=== Section Start ===
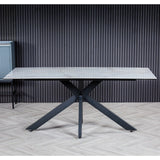 Moda 180cm Grey/Gold Ceramic Marble Dining Table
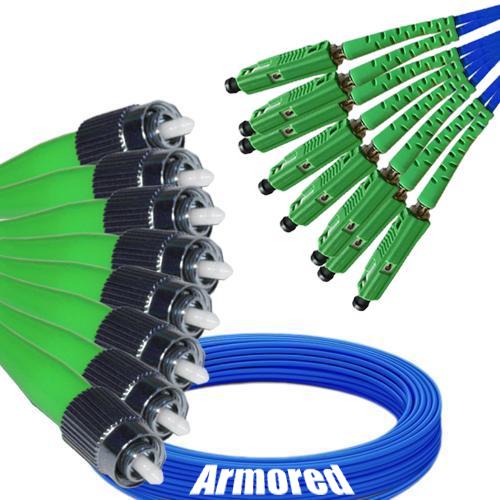 Indoor Armored 8 Fiber FC/APC to MU/APC Patch Cord 9/125 Singlemode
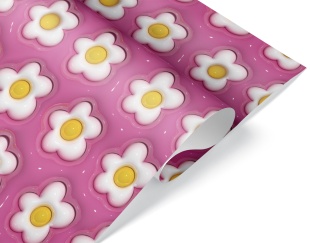 Упаковочная бумага 90гр (0,7*1 м) Ромашки, 10 шт.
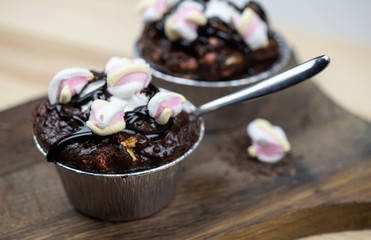 Rocky road dessert with chocolate and marshmallows 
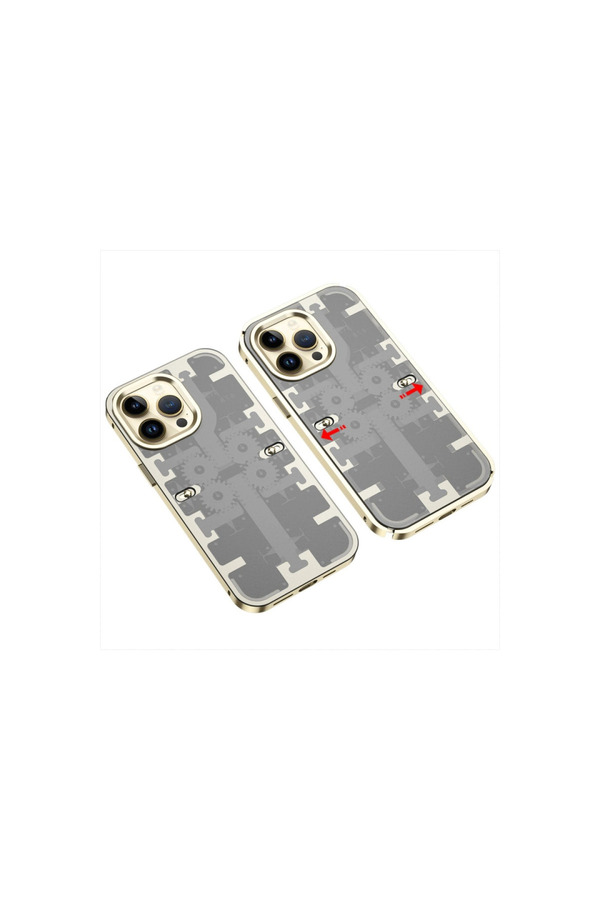 Evi̇mdeyokyok Apple İphone 13 Pro Max Kılıf Mekani̇k Bumper Kapak - Gold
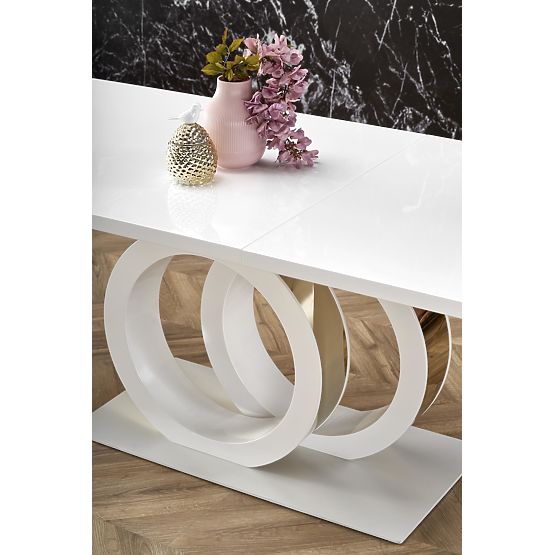 Rozkladací stôl GALARDO, biely / zlatý (3p=1ks)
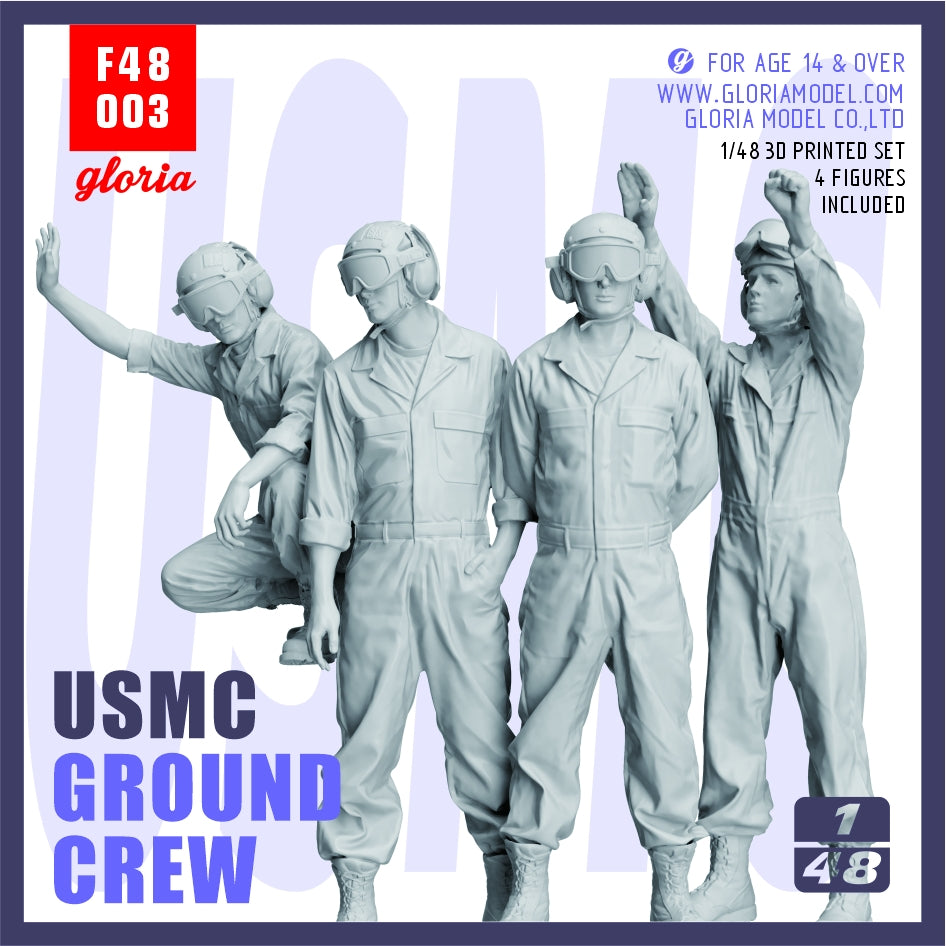 Gloria F48003 USMC Ground Crew 4 x 3D Printed figures 1/48 – Bild 2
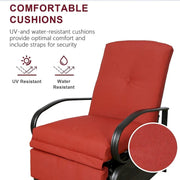 Adjustable Recliner Lounge Chair Patio Lounge Sofa with Cushion - 38 (D) x 26.5 (W) x 38.5 (H) INCH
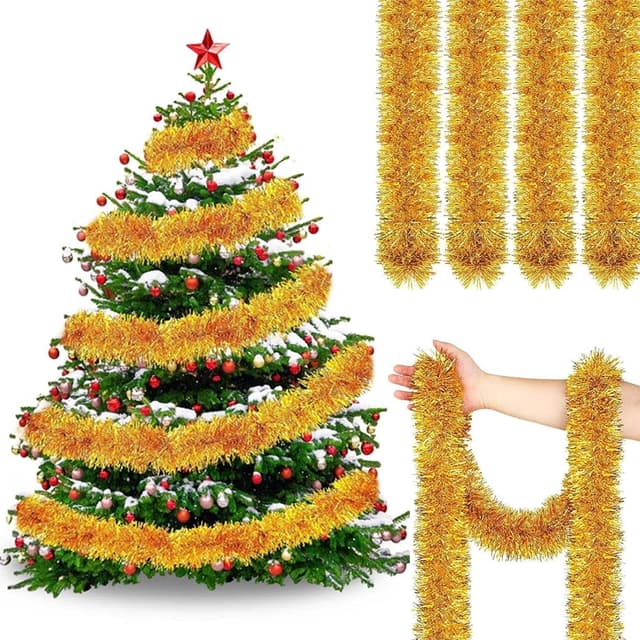 Weihnachten Lametta Girlande, 15 M Glänzende Weihnachtsgirlande Tinsel Weihnachtsbaum Dekoration, goldene Lametta-Girlande Weihnachtsbaum Dekoration für Weihnachten Party Außen/Innen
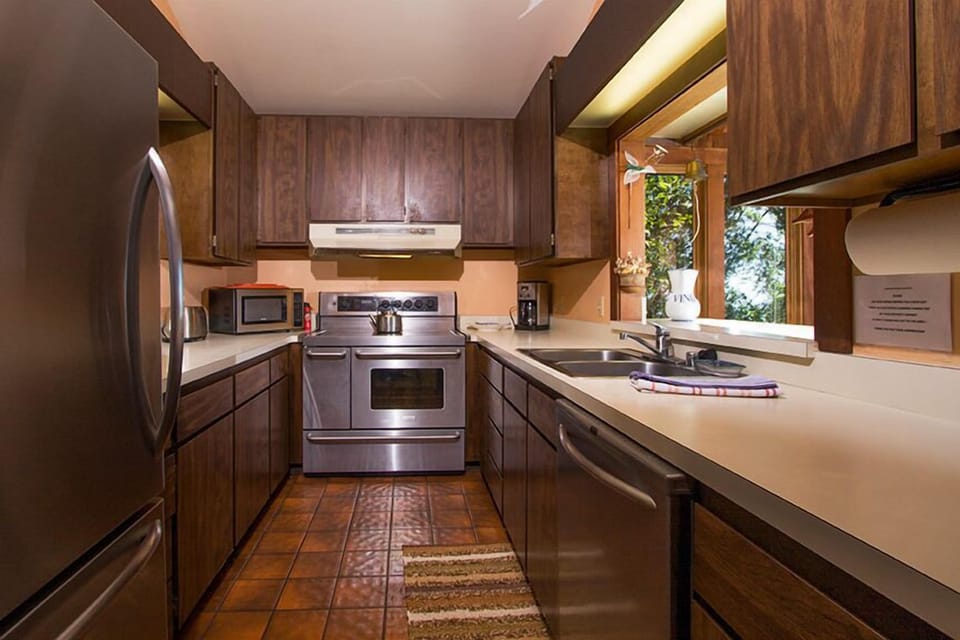 The kitchen is small but complete & well appointed.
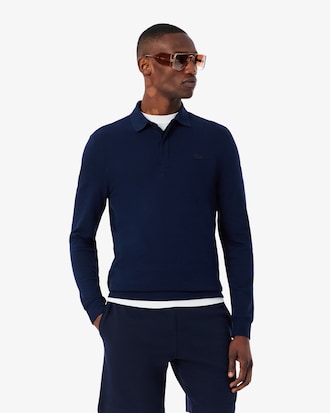 Polo Masculina Paris Manga Longa em Algod&atilde;o Piqu&eacute; com Stretch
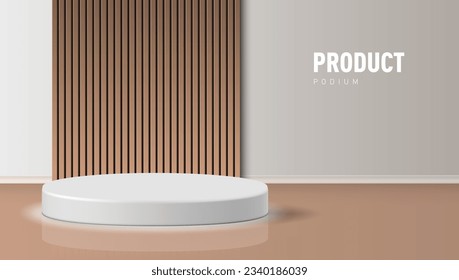 3D Wooden Slats Background And White Podium. EPS10 Vector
=== Section End ===
Exercise details: What you return should be all of the material above, exactly, and none of its pictures.

Task result:
 Moda 180cm Grey/Gold Ceramic Marble Dining Table
 Indoor Armored 8 Fiber FC/APC to MU/APC Patch Cord 9/125 Singlemode
 Упаковочная бумага 90гр (0,7*1 м) Ромашки, 10 шт.
 Rocky road dessert with chocolate and marshmallows 
 Evi̇mdeyokyok Apple İphone 13 Pro Max Kılıf Mekani̇k Bumper Kapak - Gold
 Rozkladací stôl GALARDO, biely / zlatý (3p=1ks)
 Gloria F48003 USMC Ground Crew 4 x 3D Printed figures 1/48 – Bild 2
 Adjustable Recliner Lounge Chair Patio Lounge Sofa with Cushion - 38 (D) x 26.5 (W) x 38.5 (H) INCH
 Weihnachten Lametta Girlande, 15 M Glänzende Weihnachtsgirlande Tinsel Weihnachtsbaum Dekoration, goldene Lametta-Girlande Weihnachtsbaum Dekoration für Weihnachten Party Außen/Innen
 The kitchen is small but complete & well appointed.
 Polo Masculina Paris Manga Longa em Algod&atilde;o Piqu&eacute; com Stretch
 3D Wooden Slats Background And White Podium. EPS10 Vector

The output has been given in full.